The image above showcases how we get from data to visualization. To put it in text, we have the following steps:
- Data: can be found in Company.dat, Investor.dat, and InvestorInvestmentRelation.dat
- Data pre-processing:
- Input: Company.dat, Investor.dat, and InvestorInvestmentRelation.dat
- Code: processing_data.ipynb
- Output: processed_company_data.csv, processed_investor_data.csv, and processed_relation_data.csv
- Creation of the heterogeneous graph:
- Input: processed_company_data.csv, processed_investor_data.csv, and processed_relation_data.csv
- Code: create_graph.ipynb
- Output: dgl_graph
- Applying the HGT:
- Input: processed_company_data.csv, processed_investor_data.csv, processed_relation_data.csv, and dgl_graph
- Code: train_hgt.ipynb
- Output: model.pth
- UMAP on 256-D node embeddings:
- Input: processed_company_data.csv, processed_investor_data.csv, processed_relation_data.csv, and model.pth
- Code: use_embeddings.ipynb
- Output: json_company_id_with_embedding.json, json_investor_id_with_embedding.json, company_with_hgt_embedddings.csv, and investor_with_hgt_embedddings.csv
The code is thus build in a modular way. Each block can be adjusted to preferences. If we would e.g. use other embeddings, we need to change this in the use_embeddings.ipynb. There is example code in there how to integrate other embeddings.
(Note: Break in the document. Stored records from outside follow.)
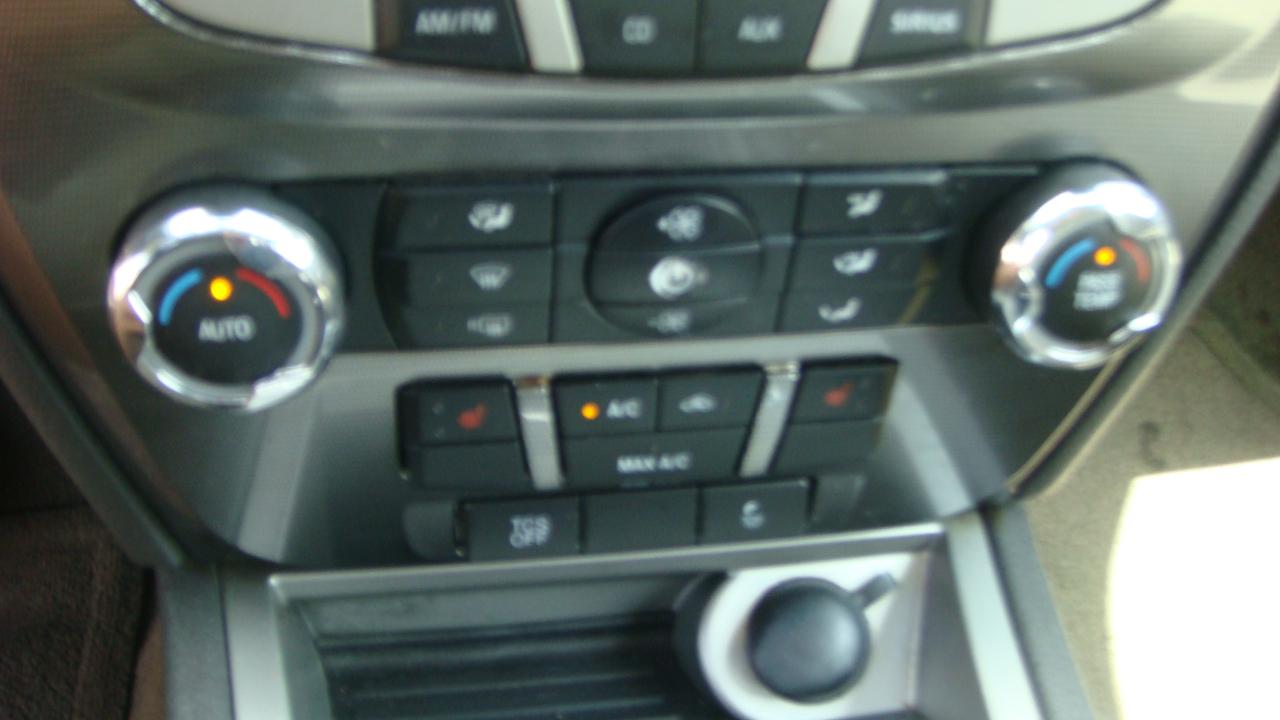 Ford Fusion I4 SEL 2011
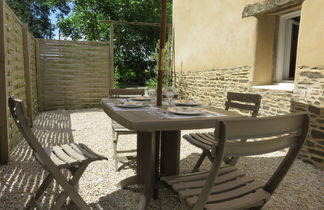 Photo 2 - Maison de 1 chambre à Évran avec jardin et terrasse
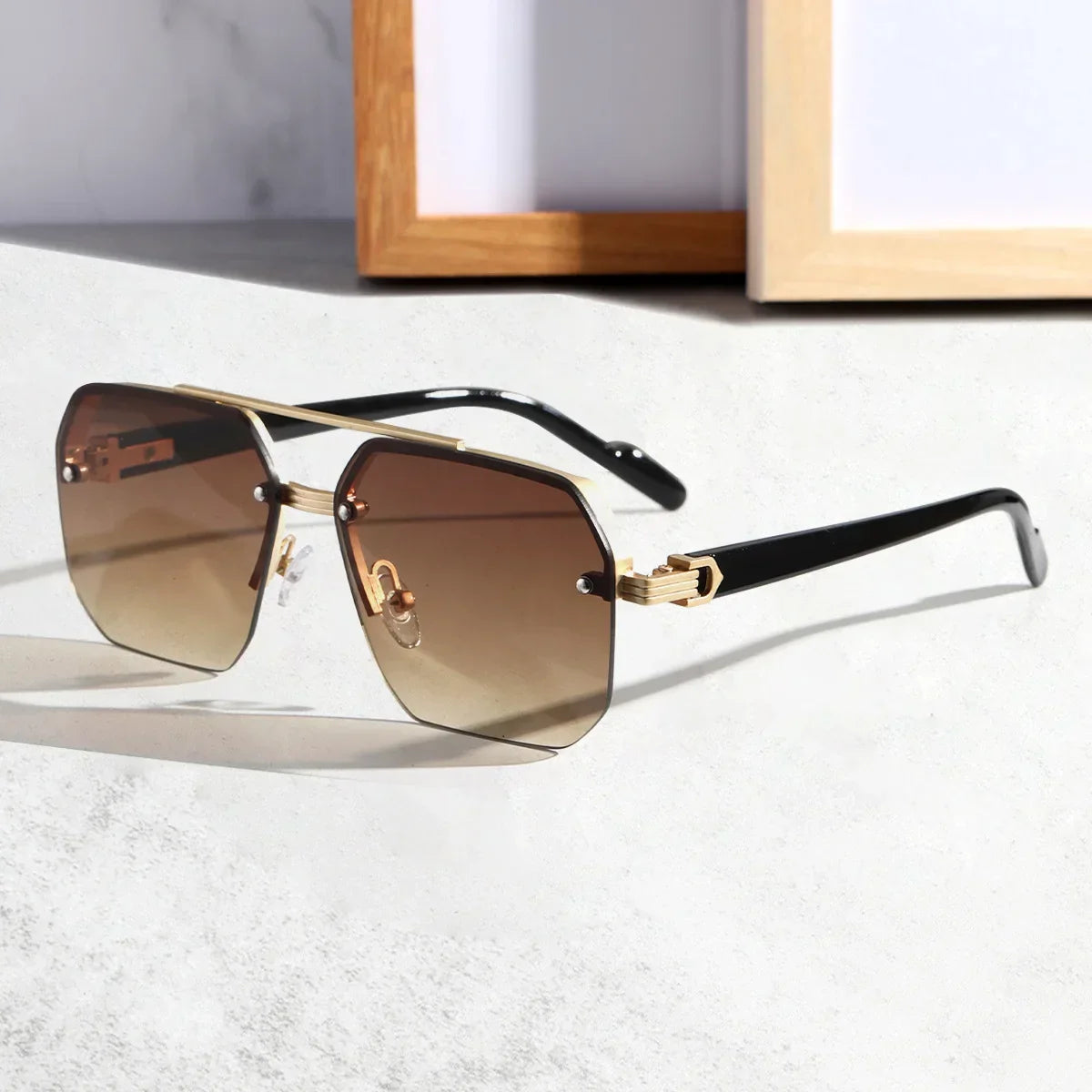 Byron Gradient Sunglasses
The interactive visualization contains three main files that need to be adjusted when other embeddings are used.
- In the sitedata directory, the json_company_id_with_embedding.json, json_investor_id_with_embedding.json, company_with_hgt_embedddings.csv, and investor_with_hgt_embedddings.csv files need to be uploaded.
- In the main.py, the @app.route for the files need to be adjusted to work with new embddings.
- In the api.js, the get request needs to be adjusted.
For all the three adjustments, examples of how it exactly needs to adjusted are included in the files.